Sylvia Pankhurst also got to know Eva during this period. Later she was to say: "Eva Gore-Booth had a personality of great charm... Christabel adored her, and when Eva suffered from neuralgia, as often happened, would sit with her for hours massaging her head. To all of us at home this seemed remarkable indeed, for Christabel had never been willing to act the nurse to any other human being."

Fran Abrams the author of Freedom's Cause: Lives of the Suffragettes (2003), has argued that: "Christabel Pankhurst had formed a close friendship with Esther Roper and Eva Gore-Booth, suffrage campaigners who lived together in Manchester. Her relationship with Eva, in particular, had become intense enough to excite a great deal of comment from her family - according to Sylvia Pankhurst."

In 1903 Eva and Esther established the Lancashire and Cheshire Women's Textile and Other Workers Representation Committee. That year they also they organized a suffrage petition with 30,000 signatures. Eva also co-edited the Women's Labour News, a quarterly journal aimed at uniting women workers. She was also active in the socialist group, the Independent Labour Party.

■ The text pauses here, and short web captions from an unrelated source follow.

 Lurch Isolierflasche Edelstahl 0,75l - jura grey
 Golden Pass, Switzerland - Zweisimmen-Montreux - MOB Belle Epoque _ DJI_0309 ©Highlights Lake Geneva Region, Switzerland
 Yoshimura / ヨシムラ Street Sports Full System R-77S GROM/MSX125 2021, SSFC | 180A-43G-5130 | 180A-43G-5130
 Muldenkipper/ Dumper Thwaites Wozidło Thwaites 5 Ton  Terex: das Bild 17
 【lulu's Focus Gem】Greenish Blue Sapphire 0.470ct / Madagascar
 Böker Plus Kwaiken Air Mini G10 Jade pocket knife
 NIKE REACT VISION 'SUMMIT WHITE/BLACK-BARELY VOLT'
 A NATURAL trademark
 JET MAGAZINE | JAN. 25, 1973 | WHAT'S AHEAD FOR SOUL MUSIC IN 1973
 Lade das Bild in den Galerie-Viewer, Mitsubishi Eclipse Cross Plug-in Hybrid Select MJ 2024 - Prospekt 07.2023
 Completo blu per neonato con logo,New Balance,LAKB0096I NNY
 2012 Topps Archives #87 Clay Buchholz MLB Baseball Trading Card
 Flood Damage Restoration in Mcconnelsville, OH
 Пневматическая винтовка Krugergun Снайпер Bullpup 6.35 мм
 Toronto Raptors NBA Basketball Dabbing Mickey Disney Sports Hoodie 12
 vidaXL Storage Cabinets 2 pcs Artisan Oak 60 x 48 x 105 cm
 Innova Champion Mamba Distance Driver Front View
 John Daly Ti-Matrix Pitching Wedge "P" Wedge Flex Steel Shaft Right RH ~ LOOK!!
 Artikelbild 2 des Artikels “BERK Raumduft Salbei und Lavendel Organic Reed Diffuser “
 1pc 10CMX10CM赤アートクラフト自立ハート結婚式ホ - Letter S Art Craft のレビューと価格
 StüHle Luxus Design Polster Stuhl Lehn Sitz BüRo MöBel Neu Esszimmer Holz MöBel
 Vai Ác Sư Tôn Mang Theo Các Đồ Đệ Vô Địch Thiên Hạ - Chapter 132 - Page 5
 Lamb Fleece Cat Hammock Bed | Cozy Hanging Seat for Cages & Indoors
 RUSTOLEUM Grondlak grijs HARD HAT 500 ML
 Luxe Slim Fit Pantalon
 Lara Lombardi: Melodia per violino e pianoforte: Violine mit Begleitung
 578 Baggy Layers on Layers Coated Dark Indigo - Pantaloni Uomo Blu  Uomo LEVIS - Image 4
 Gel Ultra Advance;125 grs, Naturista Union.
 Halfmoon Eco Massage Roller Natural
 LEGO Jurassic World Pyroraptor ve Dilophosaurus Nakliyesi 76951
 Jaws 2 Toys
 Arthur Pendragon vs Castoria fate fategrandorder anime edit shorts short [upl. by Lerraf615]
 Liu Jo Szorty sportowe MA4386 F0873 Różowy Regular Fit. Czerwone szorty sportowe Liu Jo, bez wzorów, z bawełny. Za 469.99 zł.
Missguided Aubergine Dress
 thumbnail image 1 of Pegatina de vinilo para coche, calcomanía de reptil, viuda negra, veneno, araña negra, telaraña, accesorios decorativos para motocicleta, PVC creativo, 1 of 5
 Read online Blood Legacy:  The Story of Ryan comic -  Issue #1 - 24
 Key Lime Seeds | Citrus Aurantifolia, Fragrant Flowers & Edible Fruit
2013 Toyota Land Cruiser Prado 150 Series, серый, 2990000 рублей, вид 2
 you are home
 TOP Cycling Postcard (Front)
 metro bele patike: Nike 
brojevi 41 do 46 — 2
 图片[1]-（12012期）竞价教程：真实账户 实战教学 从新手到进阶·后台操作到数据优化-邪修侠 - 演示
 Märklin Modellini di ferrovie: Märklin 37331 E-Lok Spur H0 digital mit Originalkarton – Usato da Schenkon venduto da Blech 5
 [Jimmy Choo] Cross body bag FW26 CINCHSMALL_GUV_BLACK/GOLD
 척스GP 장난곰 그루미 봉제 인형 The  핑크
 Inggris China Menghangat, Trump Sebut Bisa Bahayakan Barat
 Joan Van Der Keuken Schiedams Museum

Emmeline Pankhurst, with the help of her three daughters,Christabel Pankhurst, Sylvia Pankhurst and Adela Pankhurst, formed the Women's Social and Political Union (WSPU) in 1903. At first the main aim of the organisation was to recruit more working class women into the struggle for the vote and therefore initially received the support of Esther and Eva. However, she later disapproved of their use of violence.

Eva Gore-Booth published a volumes of poetry, Unseen Kings in 1904. She continued to be interested in the struggle for women's rights and in the 1908 joined her sister, Constance Markievicz, and other suffragettes, including Annie Kenney, May Billinghurst and Adela Pankhurst, in the campaign against Winston Churchill in the parliamentary election in Manchester North West.

Eva Gore Booth
Eva Gore Booth (1910)

In 1913 Eva and Esther Roper moved to London. Two days after the British government declared war on Germany on 4th August 1914, the NUWSS declared that it was suspending all political activity until the conflict was over. Although its leader, Millicent Fawcett, supported the First World War effort she did not follow the WSPU strategy of becoming involved in persuading young men to join the armed forces. Eva and Esther were both pacifists and disagreed with this strategy. Despite pressure from the majority of members, who held similiar views to Eva, Fawcett refused to argue against the war. Her biographer, Ray Strachey, argued: "She stood like a rock in their path, opposing herself with all the great weight of her personal popularity and prestige to their use of the machinery and name of the union."

In 1914 they joined the No-Conscription Fellowship, an organisation formed by Clifford Allen and Fenner Brockway. The NCF required its members to "refuse from conscientious motives to bear arms because they consider human life to be sacred." As Martin Ceadel, the author of Pacifism in Britain 1914-1945 (1980) has pointed out: "Though limiting itself to campaigning against conscription, the N.C.F.'s basis was explicitly pacifist rather than merely voluntarist.... In particular, it proved an efficient information and welfare service for all objectors; although its unresolved internal division over whether its function was to ensure respect for the pacifist conscience or to combat conscription by any means"

Eva and Esther resigned from the NUWSS over the issue of the First World War and helped establish the Women's Peace Crusade. Other members included Charlotte Despard, Selina Cooper, Margaret Bondfield, Ethel Snowden, Katherine Glasier, Helen Crawfurd, Teresa Billington-Greig, Elizabeth How-Martyn, Dora Marsden, Helena Normanton, Margaret Nevinson, Hanna Sheehy-Skeffington and Mary Barbour.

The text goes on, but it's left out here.